Publisher - Reverse Engineering

Post Eight - 30 June 2007

Okay, I created 1.pub, with 2 text boxes.

box1 says "This ix box one.\n\nThe quick brown fox jumped over the lazy dog\d" This starts at 61440 (170000 Octal) (Yes, it says "ix". The font was tiny, I couldn't see!) And yes, I said "jumped" instead of "jumps". So shoot me.

box2 comes right after it, at 61566 (170176). Between the "g" of "dog" and the "T" of "This is box two", there is just a single byte: 0x0D (13 decimal)

box2 says "This is box two.\n\nThe water in Majorca don't taste like what it oughter\d"

A: Fix the "ix" to "is":

if (i==61452) {
                dub1(infile,outfile);
        }
dub1(){
	char newstr[] = { 's' };
        replace(i,o,newstr,1,1);
}
That worked. is.pub is fixed! isdiffs confirms it. Just one char changed.

Okay, what happens if I overwrite the "dog\nThis" text?

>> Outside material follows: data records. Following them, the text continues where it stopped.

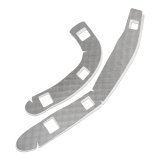 DEI Heat Shield Liners 901072 Liner, Harley Davidson, Natural, Kit thumbnail 3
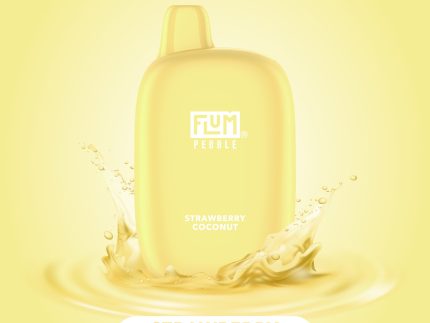 FLUM Pebble - Strawberry Coconut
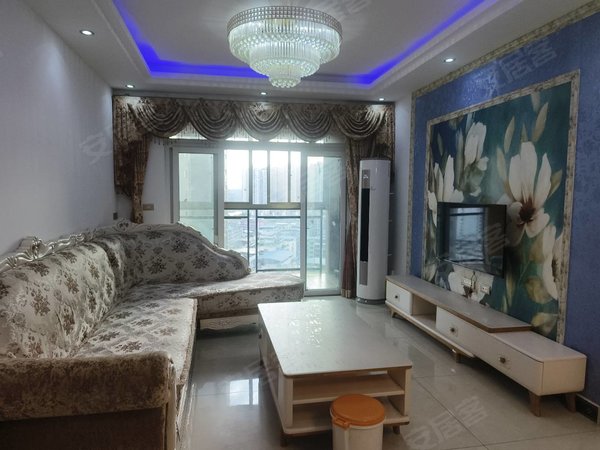 重庆合川合川滨江路兆甲滨江国际滨江国际小区环境好 交通方便 居家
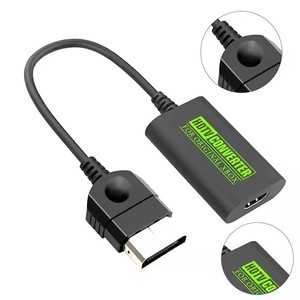Xbox için orijinal konsol i-uyumlu uyumlu AV kablosu adaptörü tüm klasik konsol modelleri için hdtv'ye bağlayın - Product Image 5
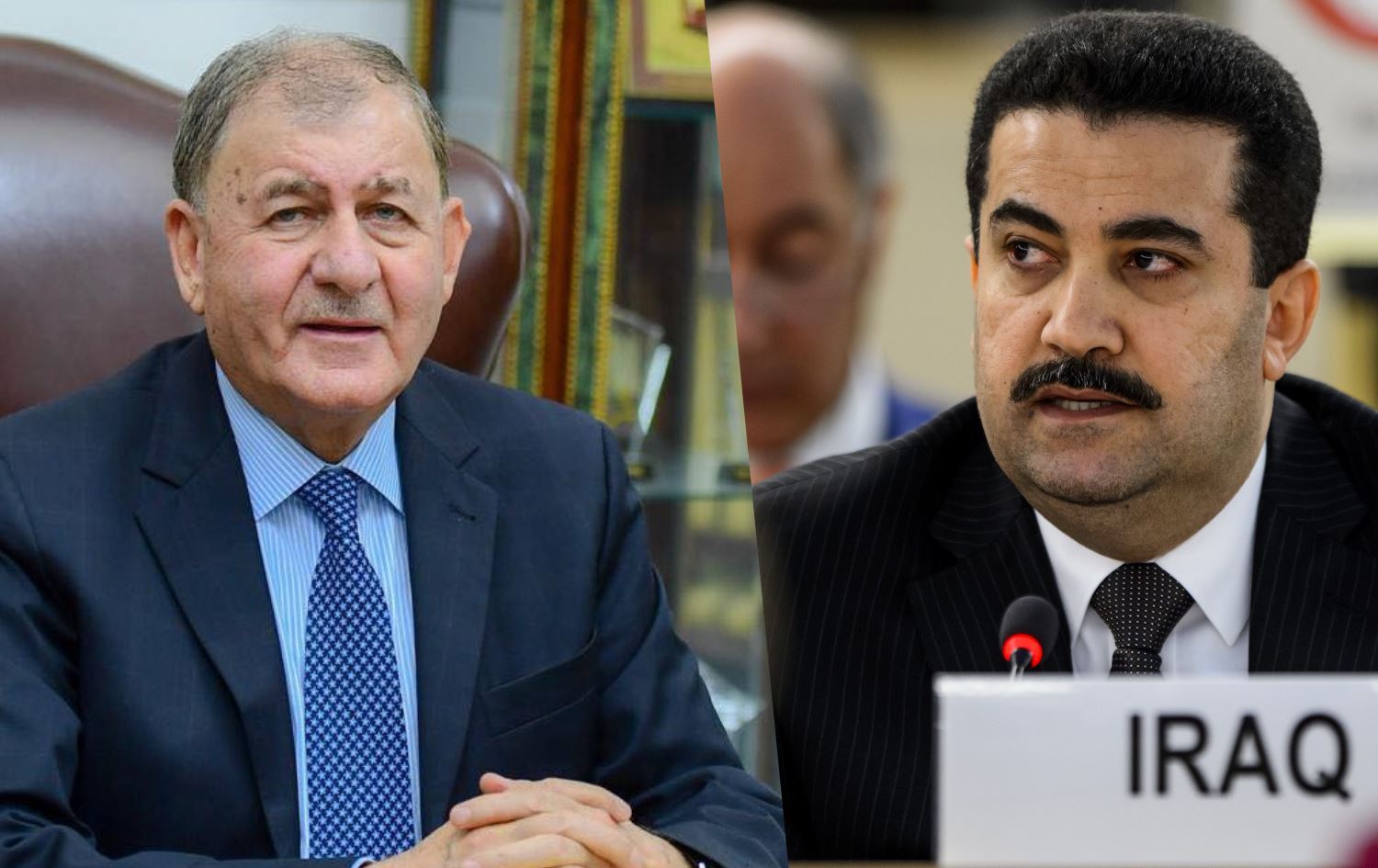 Letîf Reşîd erkê avakirina hikûmetê da Mihemed Şiya Sûdanî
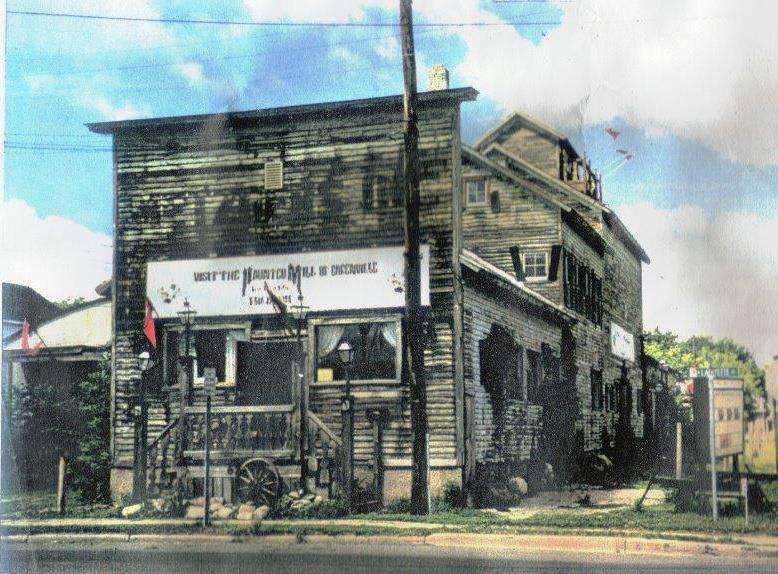 Haunted Mill Of Greenville, MI | Greenville MI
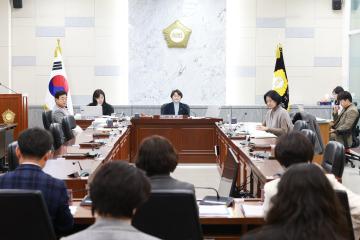 행정복지위원회 6차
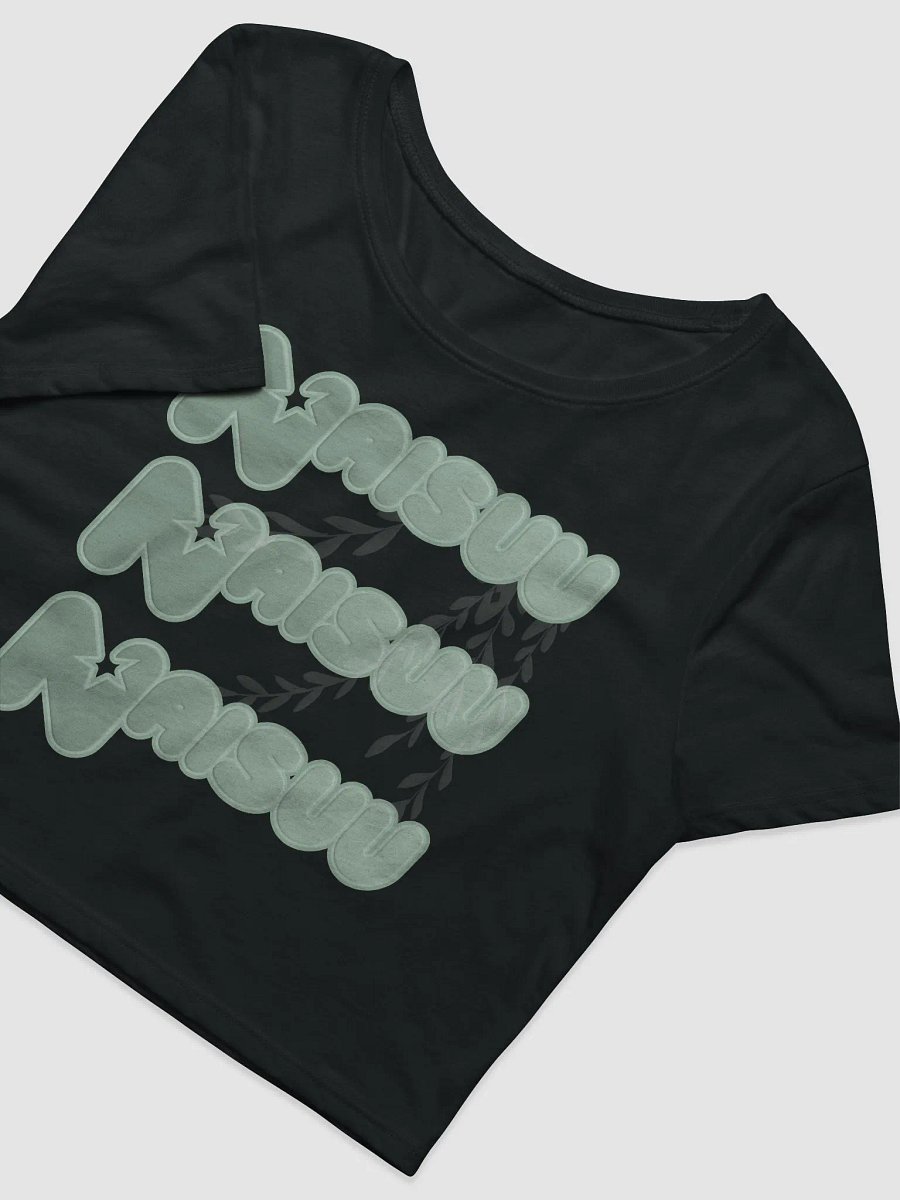 Cropped Naisuu Tee_ product image (6)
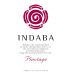 Indaba Pinotage 2006 Front Label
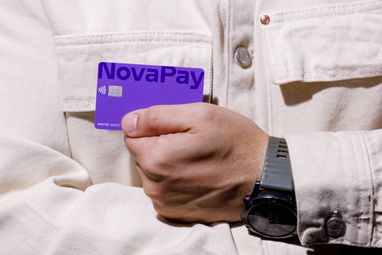 NovaPay запускает новый сервис для компаний и ФЛП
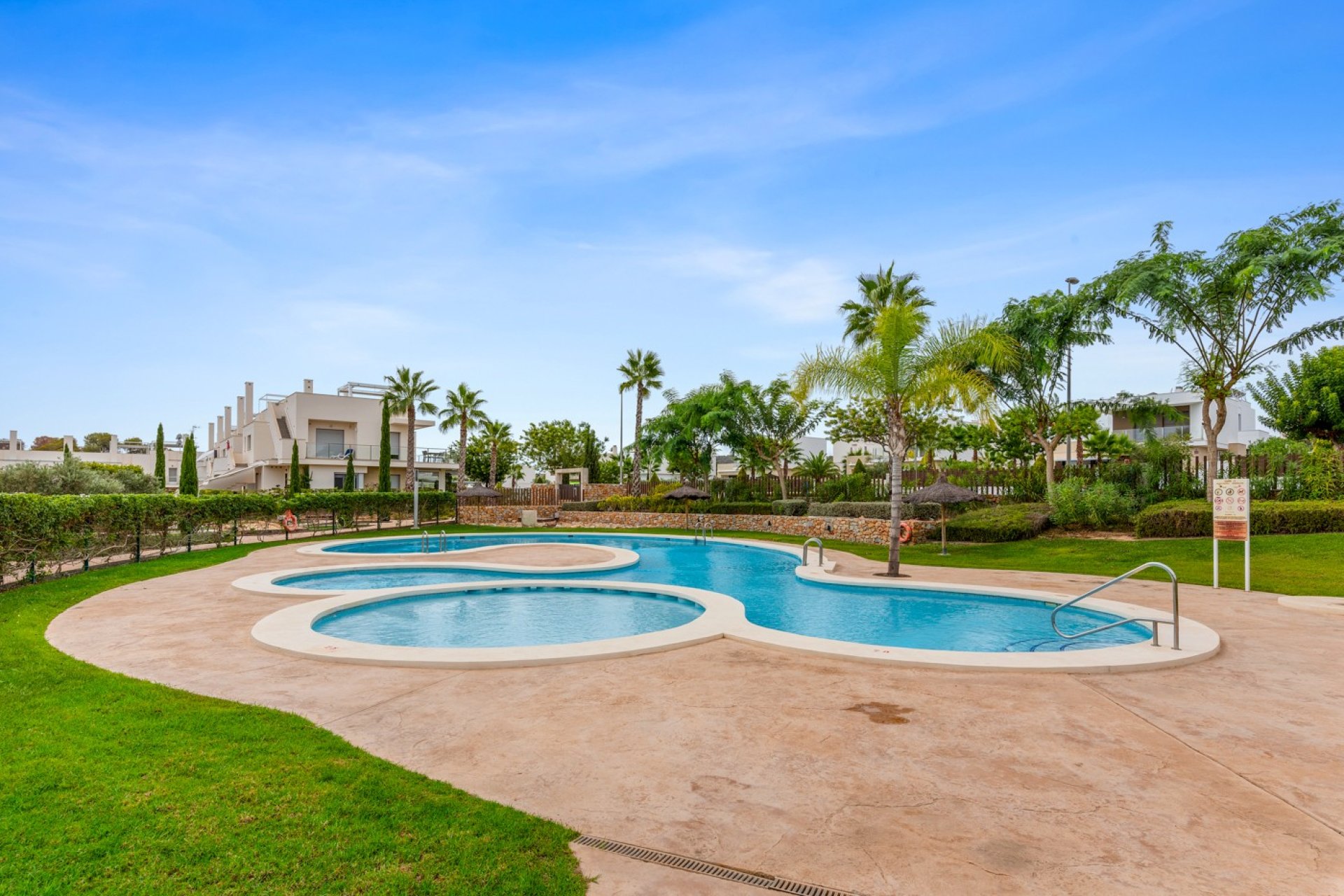 Wiederverkauf - Wohnung - Orihuela* - Vistabella Golf*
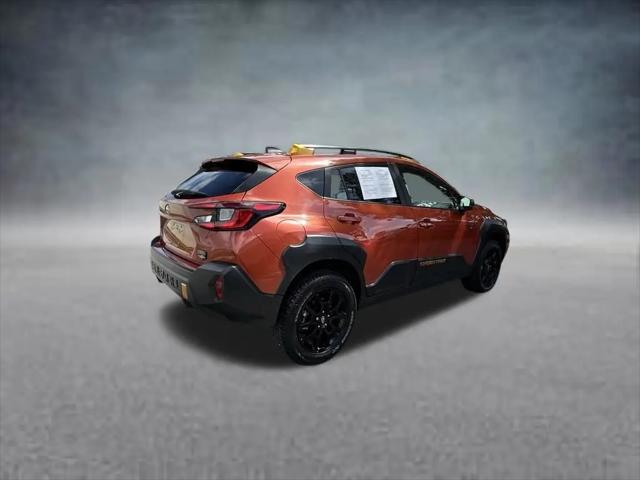 2025 Subaru Crosstrek Wilderness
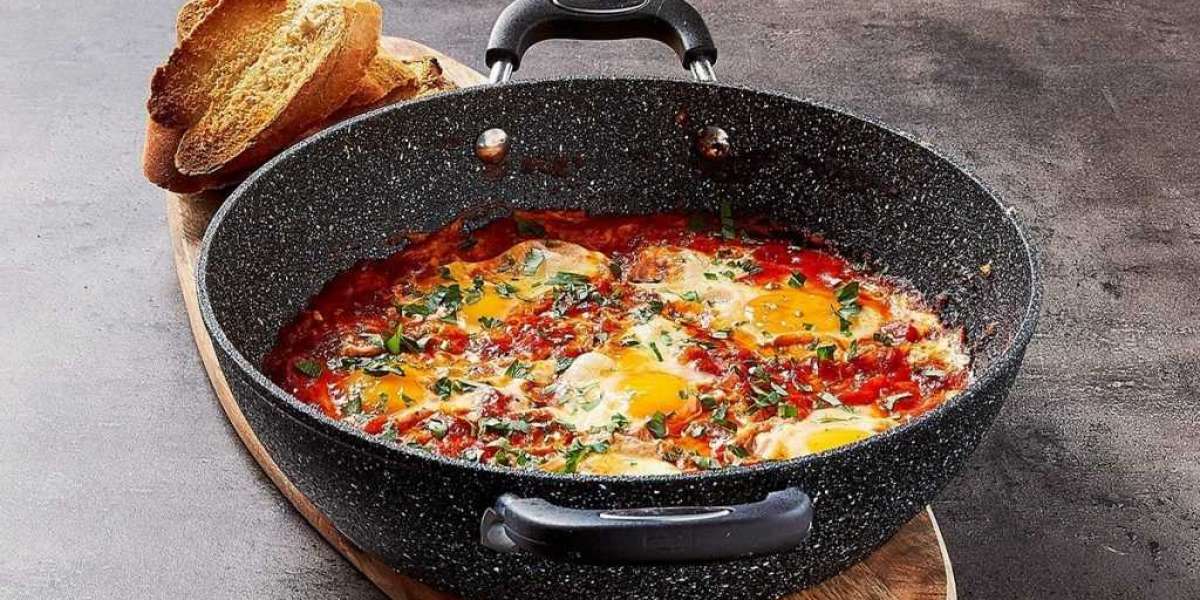 Shakshuka os clássicos Alimentos que estimulam o humor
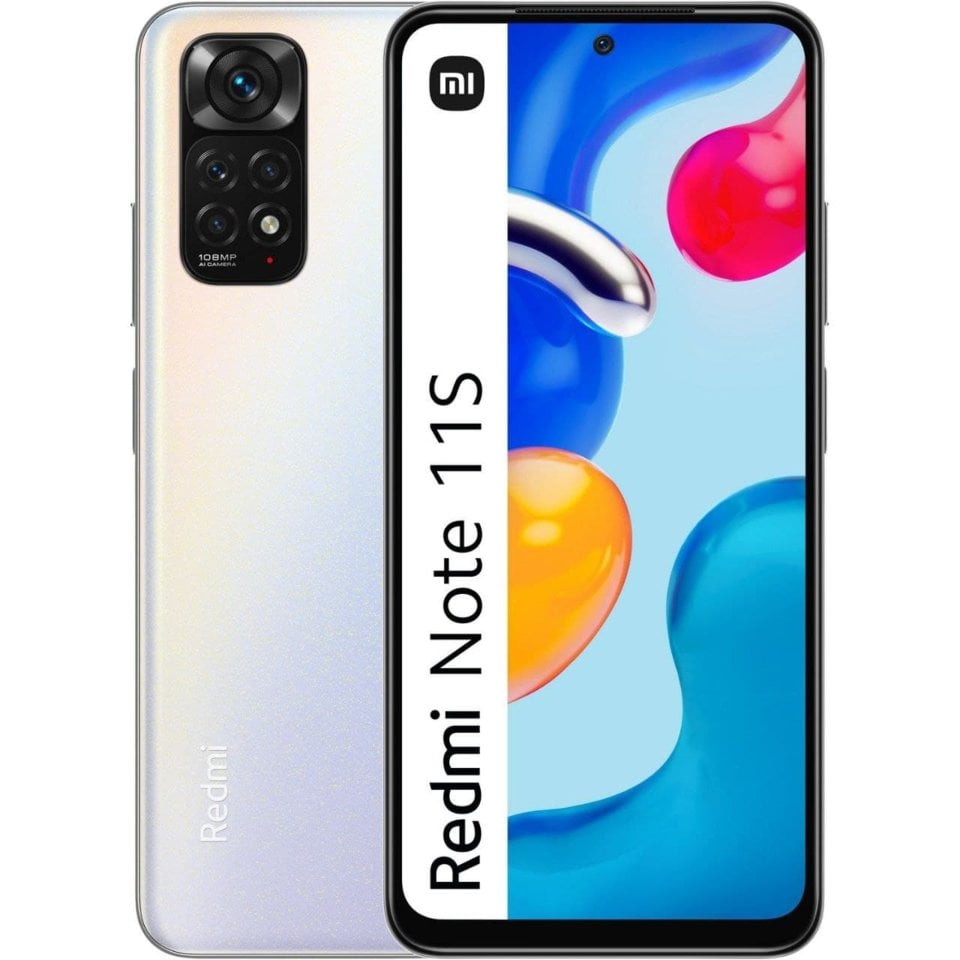 Xiaomi Redmi Note 11S
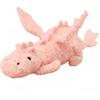 65/90cm Cute Lucky Dragon Plush Pillow,Soft Flying Dragon Stuffed Animals, Large Kawaii Dragon Animal Plushies Toy,Perfect for Adults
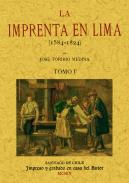 La imprenta de Lima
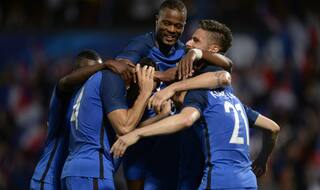 FRA beat IRE 2-1 | Live Football Score Euro 2016 Round of 16: Get full scorecard & live updates of France vs Republic of Ireland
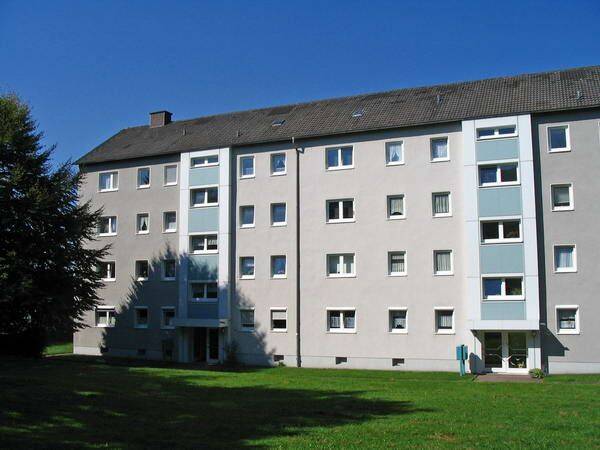 2-Zimmer Wohnung in Dortmund Bövinghausen, 44388 Dortmund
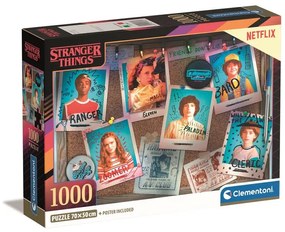 Puzzel Stranger Things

At 61558 (the start of the word "dog"), I insert "qwertyuiop":

        char newstr[] = { 'q',0,'w',0,'e',0,'r',0,'t',0,'y',0,'u',0,'i',0,'o',0,'p',0 };
        replace(i,o,newstr,sizeof(newstr),1);
Publisher refuses to open the file. The text in box1 doesn't end with "0x0D 0x00". If I change the "r" to a 13 (0x0D), it works:
        char newstr[] = { 'q',0,'w',0,'e',0,13,0,'t',0,'y',0,'u',0,'i',0,'o',0,'p',0 };
Box 1 ends "laxy qwe", and Box 2 starts "tyuiops box two." Here is dog.pub. So - Publisher expects the content of a text box to end with 0x000D. 000D doesn't mean the end of the text box, though, because a text box can also contain linebreaks.

Still, that's something learned. It's really just a sanity check, I think, but it's something. We can work on that.

So, let's use Publisher to put some text into "is.pub", in text box1, after the word "dog". We'll say "Saturday", for no better reason that it's a Saturday today. So, box 1 now ends "lazy dog Saturday". is_sat.pub sat_diffs.html tells the tale. Lots of changes.

Again, time runs short, and I can't investigate it any further. Some of the diffs seem to be filename changes again - I thought that I'd eliminated that sort of stuff by doing File/Save, and dealing with filename changes at the OS level, just telling Publisher that it was always the same filename.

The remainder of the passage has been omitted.